Senators Demand to Know How Much Energy Data Centers Use

Democratic Senator Elizabeth Warren and Republican Sen. Josh Hawley are urging the U.S. Central Energy Information Administration to provide better information on how much electricity data centers actually use.
In a joint letter sent Thursday morning to the Energy Information Administration, seen by WIRED, Hawley and Warren pressure the agency to publicly collect “full annual disclosures on energy consumption” from data centers. This information, they write, is “essential for accurate grid planning and will support the development of policies to prevent large companies from raising electricity costs for American families.”

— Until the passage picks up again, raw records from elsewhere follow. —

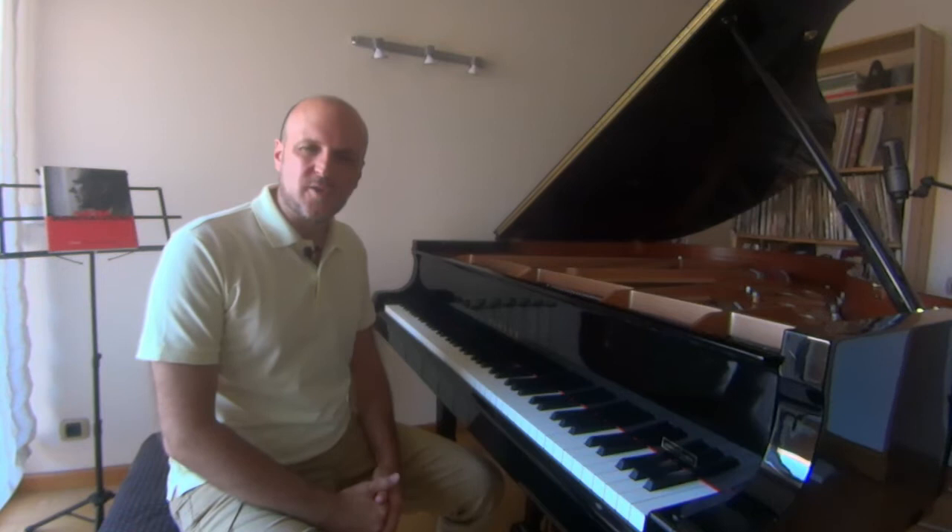Hello, my name is Alex Alguacil and I'm a piano teacher at the Conservatory of Liceu in Barcelona.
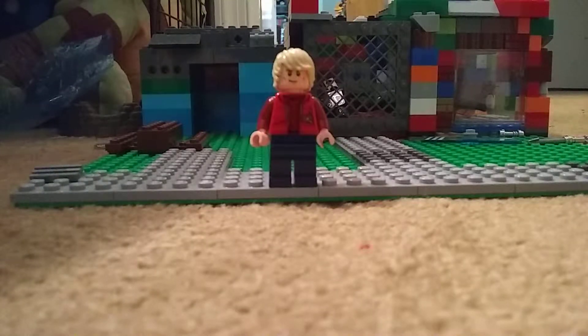Hello guys and welcome back to another LEGO video. Today I'm going to be showing you how to kill LEGO zombies. Let's get started.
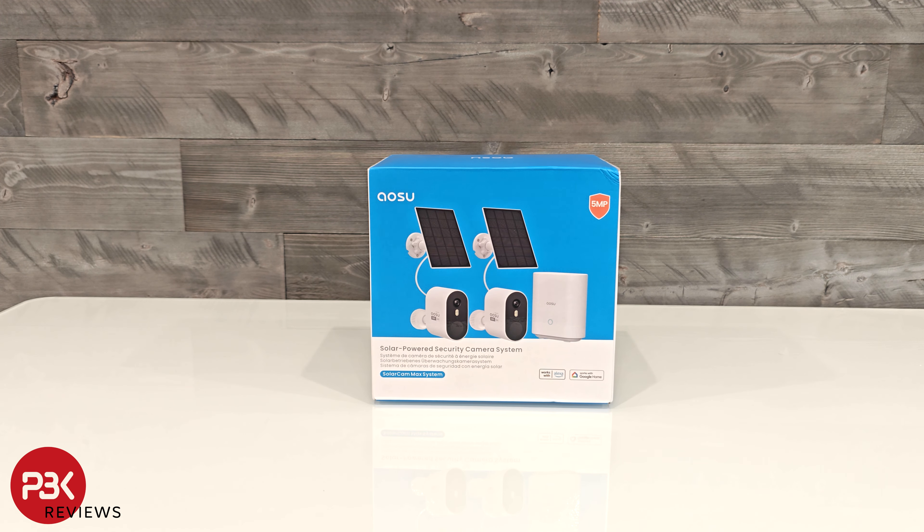Let's take a look at the Aosu Solarcam Dual Camera System. If you're interested in seeing more videos like this, make sure you subscribe so you won't miss any of my uploads.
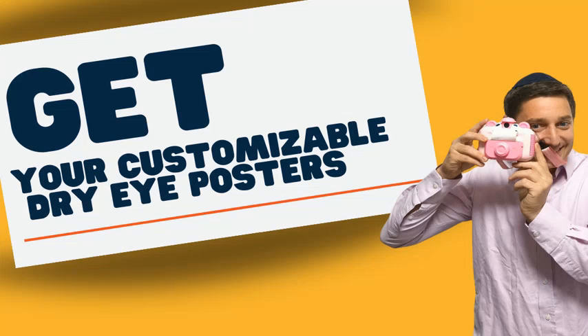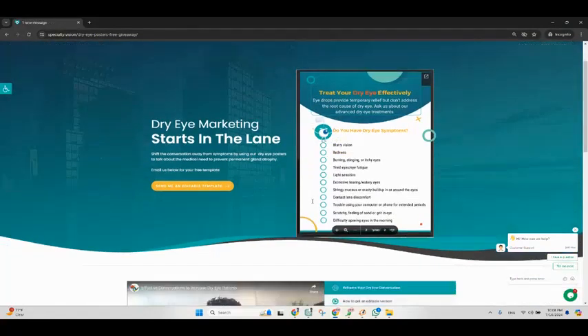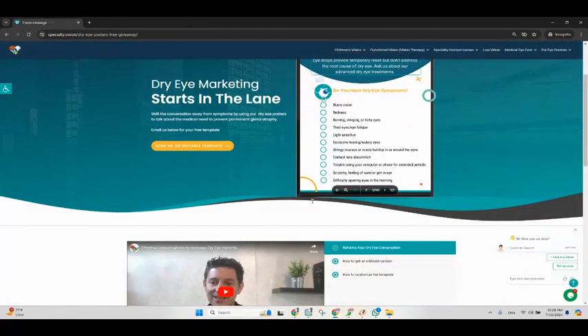Your free version of the dry eye posters — all you need to do is click on 'Send me this editable link' and send an email to Josh and just ask for it. We'll send you a fully customizable editable link, and I will explain to you in the next video how to edit that template.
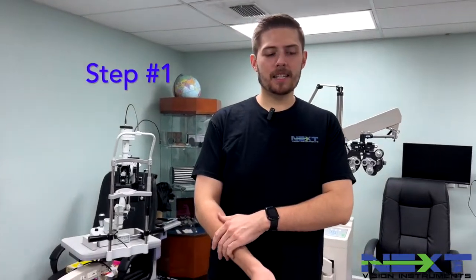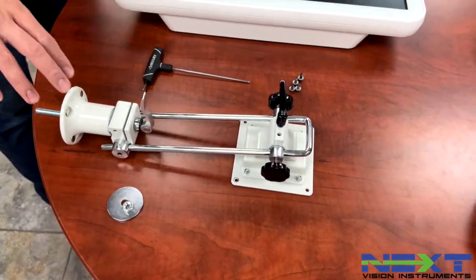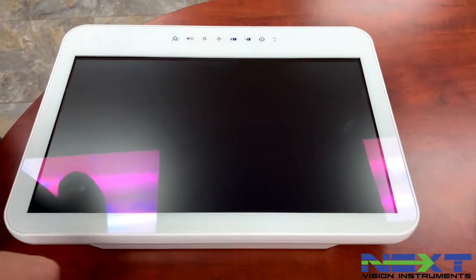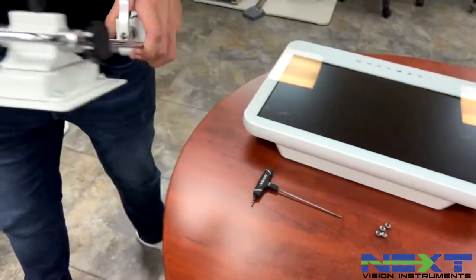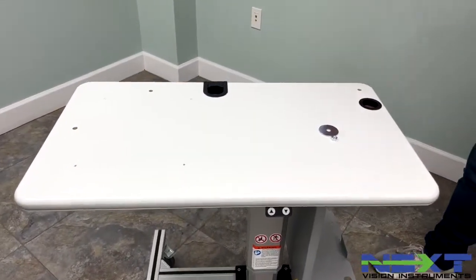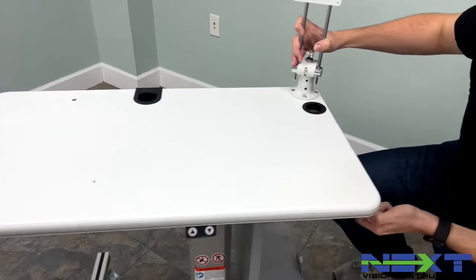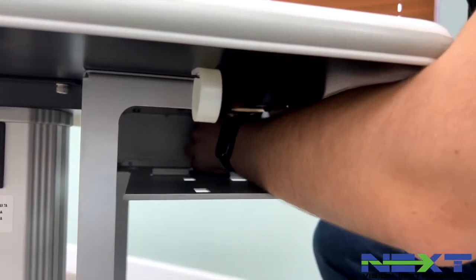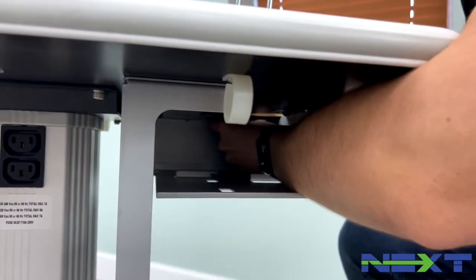We're going to start with installing the bracket and the all-in-one PC. You're going to need to locate the bracket with the nut and bolt underneath it, as well as your all-in-one PC with four three-millimeter screws and your three millimeter driver. First, take the bracket and bring it over to the table — it always mounts in the back right side. Drop it down in the hole, come underneath, place the plate under, and then take that nut and drive it up there.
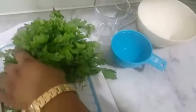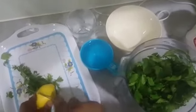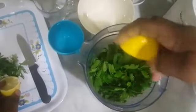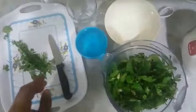So now we add our chopped parsley into the blender. Cut the lemon in two and squeeze in the juice. After squeezing in the juice, then add the cup of water to it.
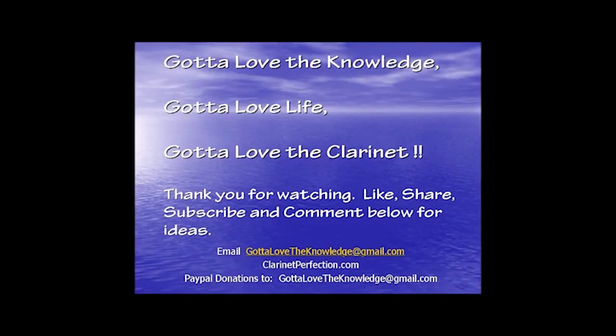I hope that gives you a good history of the Selmer metal mouthpieces, going back to the original patent date and early pictures. Don't forget to give a thumbs up, like, share, and subscribe. We'll see you later.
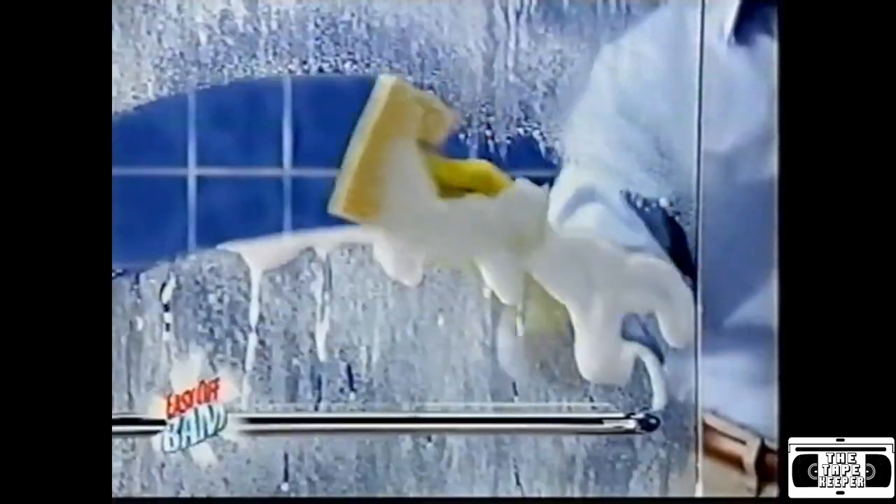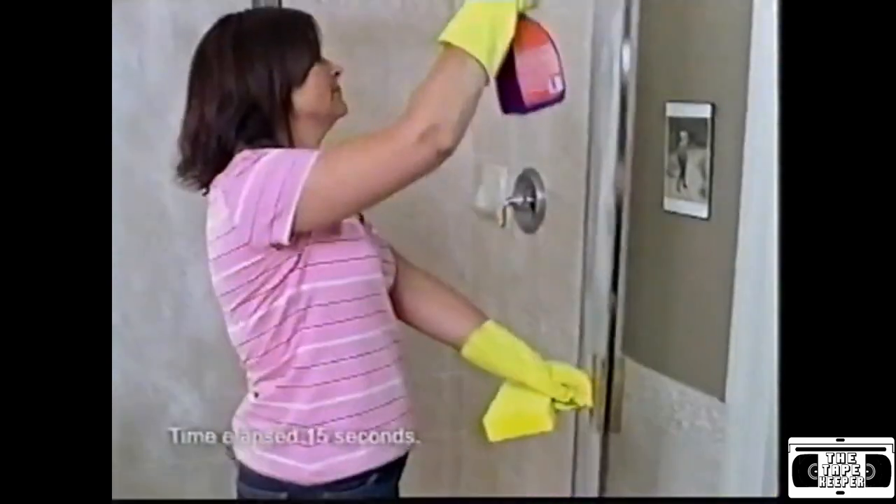Easy Off BAM Power Cleaner has the power to remove stains like soap scum. Just spray it wherever there's soap scum. Better than Scrubbing Bubbles.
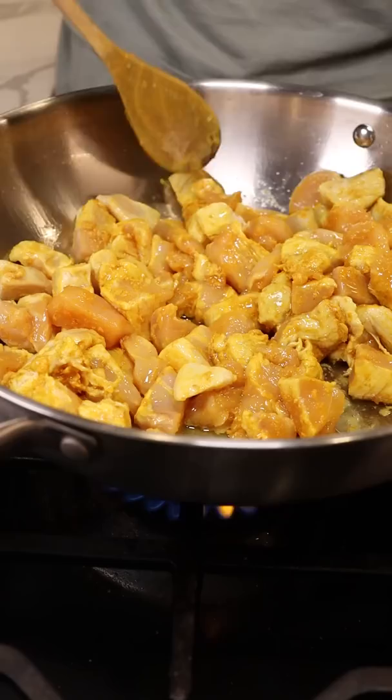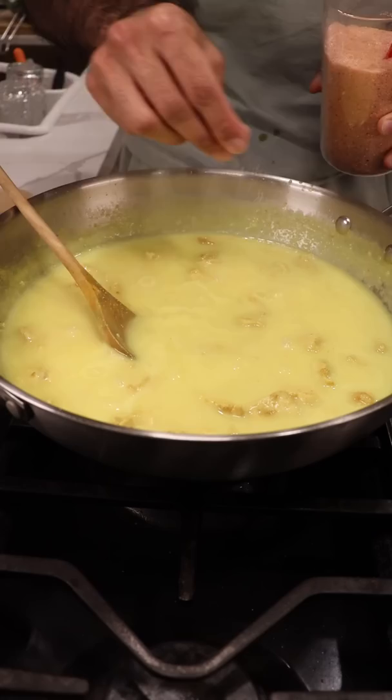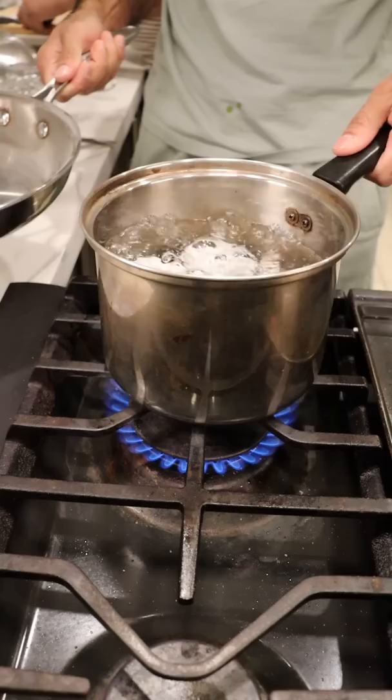Cook your chicken on medium-high heat for about five minutes before covering everything with coconut milk and sprinkling in some gram flour. Cook this on medium heat for about 10 minutes — it should be kind of thick. Season to taste and set it aside for now.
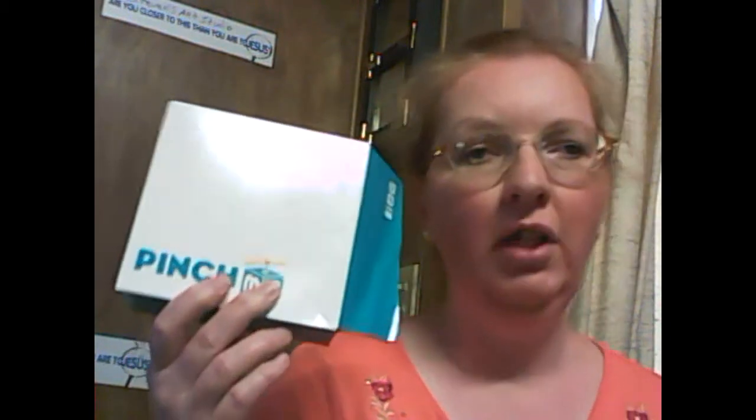I'm going to be doing a taste test for you. Yesterday I got my Pinch Me box. Pinch Me is a website that you can sign on to try stuff, and once you try it, you go back to the site and fill out a questionnaire about the product to give your feedback. It's a consumer service that you can participate in. They used to post weekly, but now they're posting once a month their new products.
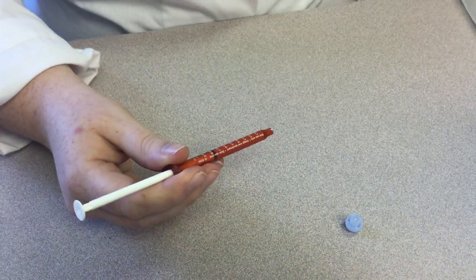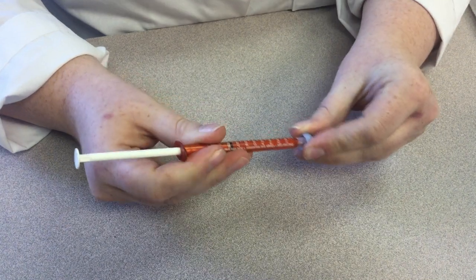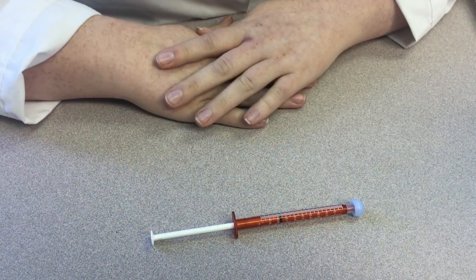You will then apply the cream, recap your syringe, and you will wash your hands again after applying the cream to the designated area.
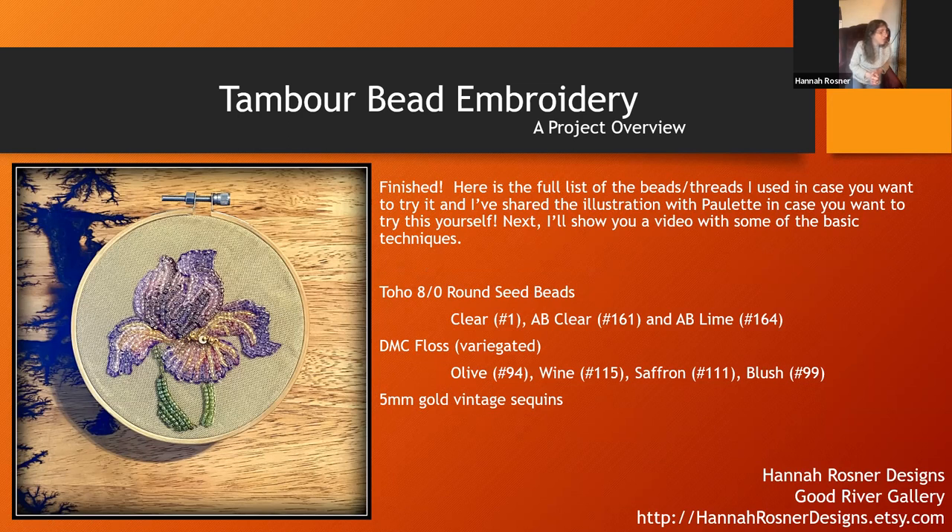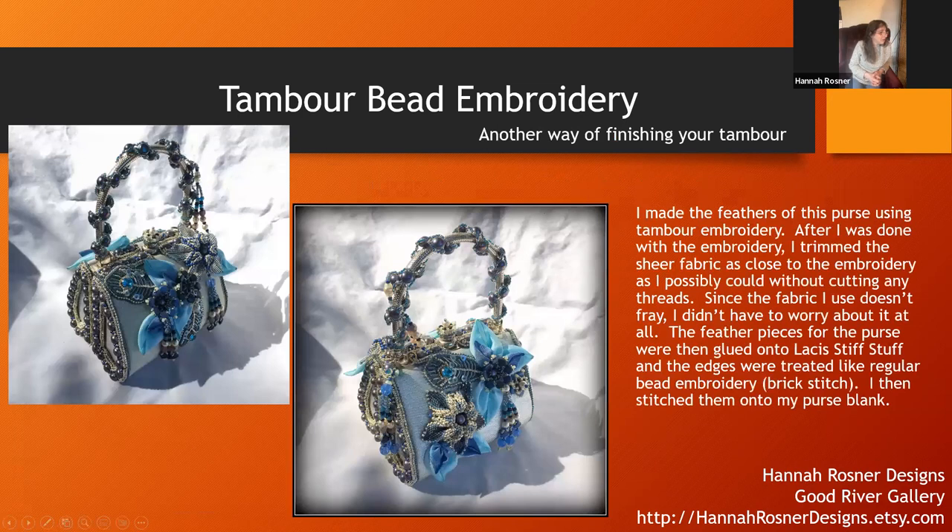Before we get into the videos, let me show you a couple of my finished projects. This project I did just for this class. Another way to finish this off — this is a purse — the pieces that look like little feathers were done with tambour. That's actually both sides of the purse. I folded the raw edge to the back, edged it with brick stitch picot edging, and then glued it onto the purse.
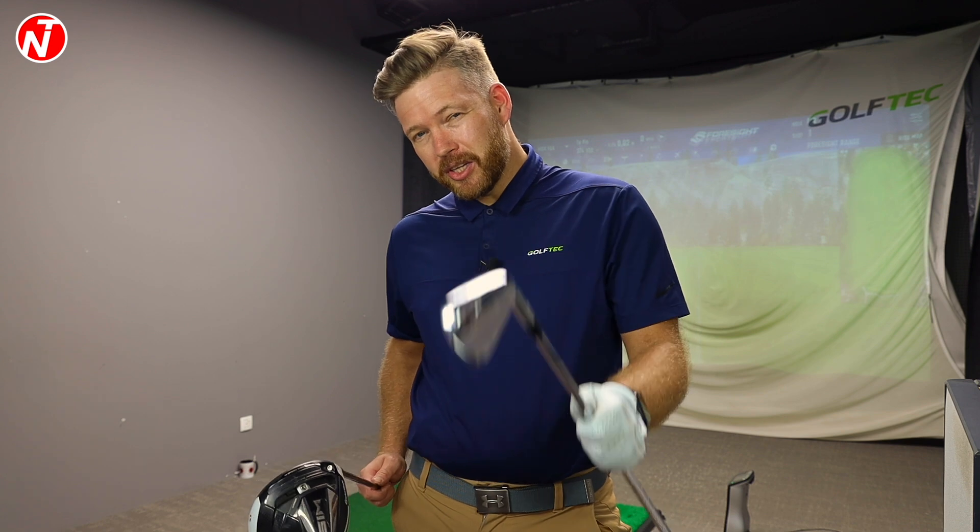Hi golfers, Nick here for Nick's Teller Golf. It's Friday, so welcome to another lesson on golf tips. In today's video, we're going to take a look at the 7-iron swing versus the driver's swing, hopefully answer some of your questions. It's probably the most popular question I get — why do I struggle with the driver? Well, in today's video, we're going to answer those questions.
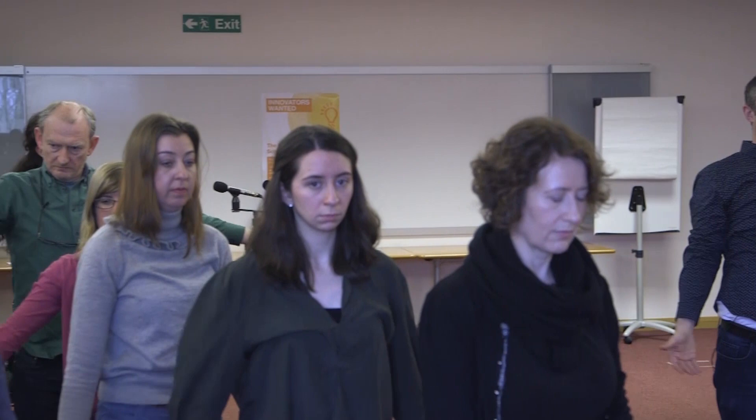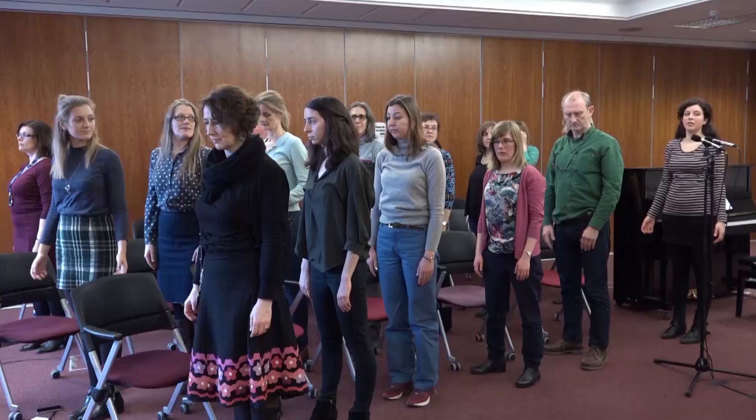Just doing that exercise, you may have found that we've lifted our rib cage and we feel a little bit taller. We're going to think about the neck next.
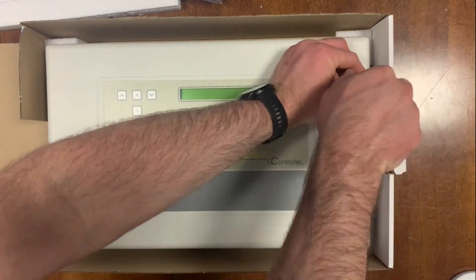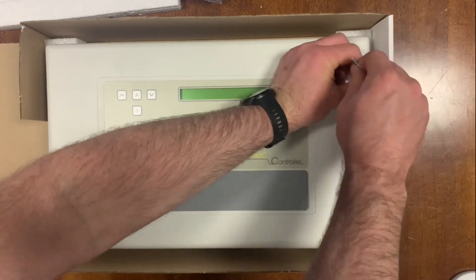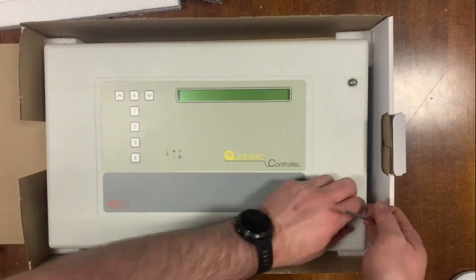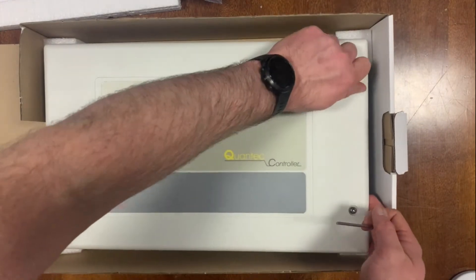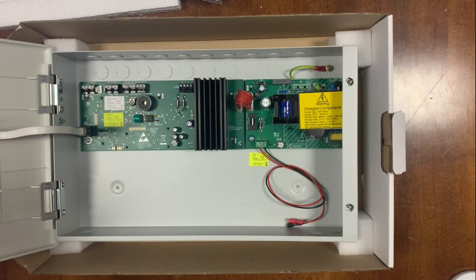There's not actually a huge amount to look at inside this. I'll do another video where I have one that's powered up and I can go through some of the menus and other bits and pieces, but this is just to give you an idea of what's actually in the box.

As the data center boom expands across the country, voters are widely concerned about how their massive energy needs could increase consumers’ electricity bills; This concern has helped shape some midterm elections in data center-heavy states, including Virginia and Georgia. Last month, Hawley co-sponsored a bill with Democratic Sen. Richard Blumenthal that would require data centers to provide their own power sources to protect consumers. Earlier this month, Donald Trump summoned a group of executives from major tech companies to the White House to sign a non-binding (and toothless) agreement pledging to pay for their own electricity for data centers.
“If we are concerned about taxpayers paying the energy costs of data centers, then knowing how much energy data centers use is a necessary part of that calculation,” says Ari Peskoe, director of the Environmental and Energy Law Program at Harvard Law School. “It’s not the only information you need, but it’s certainly a piece of the puzzle.”
There are plenty of scary headlines circulating about how much power data centers are expected to use over the next few years, but it’s surprisingly difficult to get official figures from data centers on their current or projected power load. No federal government agency specifically collects data center energy consumption figures. Information about water or electricity consumption in an individual data center may be considered proprietary business information and is most often disclosed to the public voluntarily by the company itself. A growing number of data centers are also turning to installing their own power supply, separate from the grid (called behind-the-meter power), making it even more difficult to calculate total power consumption.
Utilities have access to energy consumption information from data centers in their region; they use this information to predict growth. But data centers often turn to different utilities, which experts say leads them to double-count projects and plan for “phantom” growth — data centers that will never be built in their area. The CEO of Vistra, an electricity retail company, said during last year’s first-quarter earnings conference call that utilities could inflate electricity demand three to five times beyond what is actually needed.
In December, EIA Administrator Tristan Abbey said during a panel discussion that he expects the EIA “to be a critical player in providing objective data and analysis to policymakers” regarding data centers. The agency announced Wednesday that it would conduct a voluntary pilot program to collect energy consumption information from nearly 200 companies operating data centers in Texas, Washington and Virginia, which would cover “energy sources, electricity consumption, site characteristics, server measurements and cooling systems.”
While the senators praise EIA’s pilot program, their letter includes several questions about how the agency plans to move forward with more data collection, such as whether or not energy surveys will be mandatory and whether or not EIA will collect behind-the-meter electricity information. That information will be especially crucial, the senators say, to ensure that the big tech companies that signed the deal at the White House earlier this month, pledging that consumers won’t bear the costs of using data center electricity, will keep their promises.